Chinese girl transforms father's coal truck into graduation art work
"It is because of this truck that we can afford your college tuition."
In the era when coal propelled China's progress, coal trucks sustained the normal life of countless households. Traversing mountainous terrains in all weather conditions, these vehicles transported coal—often referred to as "black gold"—to remote areas, simultaneously carrying back hopes for prosperity. This year’s Central Academy of Fine Arts graduation exhibition features a piece that transforms an old coal truck into an artistic icon, honoring that period.
The artist's work recounts her father's steadfast efforts and the collective aspirations of ordinary Chinese citizens for a brighter future, symbolizing the next generation's tribute to the hard work and sacrifices of their forebears.
Today's piece is a translation of the story of the artist and her graduation work. The original article, “父亲的运煤车,开到女儿的毕业展 A father's coal truck driven to his daughter's graduation exhibition,” is written by Yin Haiyue and was published on the WeChat blog of the 冰点周刊 "Bingdian Weekly" of China Youth Daily on July 3.
A father's coal truck driven to his daughter's graduation exhibition
Li Qing shot her work The Blue Embraced by Black at an abandoned coal mine in her village in Yangquan, north China's Shanxi Province in April. (Provided by the interviewee)
The old truck was over 20 years old, with peeling paint and a body full of rust. According to national standards, it should have been recycled, dismantled, and destroyed eight years ago.
Li Qing had it shipped to Beijing, decorated it and exhibited it at the Central Academy of Fine Arts (CAFA) as her graduation work. She remembers her father saying, "It is because of this truck that we can afford your college tuition."
The old truck never had a name. It transported coal and water, always dusty, doing as the same tasks as other 30-plus trucks in the same village in Yangquan, north China's Shanxi Province. It sustained the normal life of villagers. However, in May of this year, it finally got a name, The Blue Embraced by Black. The truck bed is tiled with mosaic tiles and filled with water, the water surface reflecting the blue sky, with colorful swimming laps floating in it.
Before her graduation from the School of Experimental and Sci-Tech Arts at the Academy, she wants to pay tribute to her father and expects her parents to be more understanding of what she has been engaged in. She finally completed her work, which also includes some photos and videos, in the abandoned coal mine in her village. A variety of creative materials were used in her work.
"'Black' is coal, and 'blue' signifies a bright future built on 'black'." She noted.

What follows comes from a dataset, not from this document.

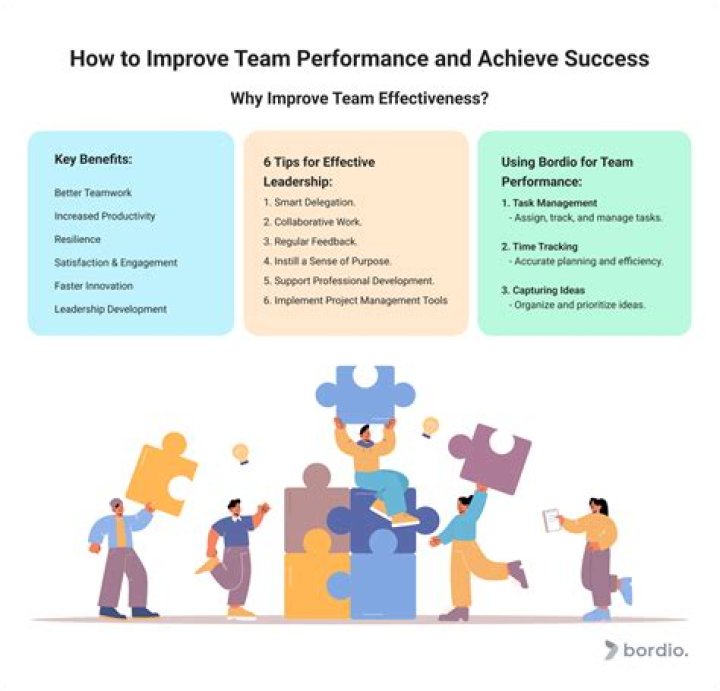How do you motivate a team to improve performance?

Interpretations and reports about the work can be seen on many social media sites, and many netizens have shared their feelings about the old truck. Some said the truck reminded her of her mother who fed a family of five by selling bittern vegetables with her handcart. Some felt the charm of art from it, "Art is a dream, a memory, and a connection to everything that matters to you."
Li Qing is of the same age with the truck. She remembers that when she was a child, her father, Li Jiantang, transported coal in their hometown village, and every time he came home to wash his face and clothes, the water was dirty. By transporting tons and tons of coal, Li Jiantang bought the family a department in Yangquan. Li Qing went to kindergarten in the downtown area and went back to the village during her summer and winter vacations.
The family of five, including her two sisters, often crowded in the cab of the truck. During Chinese New Year, her father drove the truck to pick up people to pay the New Year’s greeting. The spacious truck bed could hold a dozen or more people. Later, when coal mines ware closed, her father supported Li Qing's college education with income from hauling and delivering water to villages with poor water resources.
"Without this truck, I wouldn't be able to have everything I own today," Li Qing said.
She spent half a year designing this piece, considering multiple concepts, such as piling coal to create an inverted "mine" with projections of coal miners, or exchanging letters with her parents but breaking down each character into strokes to convey the difficulty of communication with loved ones. In the end, she chose her father's old truck.
She climbed into the truck bed and photographed her father driving through the glass behind the cab. The dust accumulated on the glass served as a testament to her father's hard work. Li Qing has also thought of placing coal, old family belongings, and photos in the truck bed, planting crops, or building a ladder to symbolize how her father and the truck have supported her journey to where she is this day.
Eventually, she hammered out a plan with her supervisior. The truck bed was transformed into a swimming pool; several coal miners wearing yellow helmets with faces smeared black soaked in the water and made victory gestures to the camera, revealing their white beer bellies and letting out laughter.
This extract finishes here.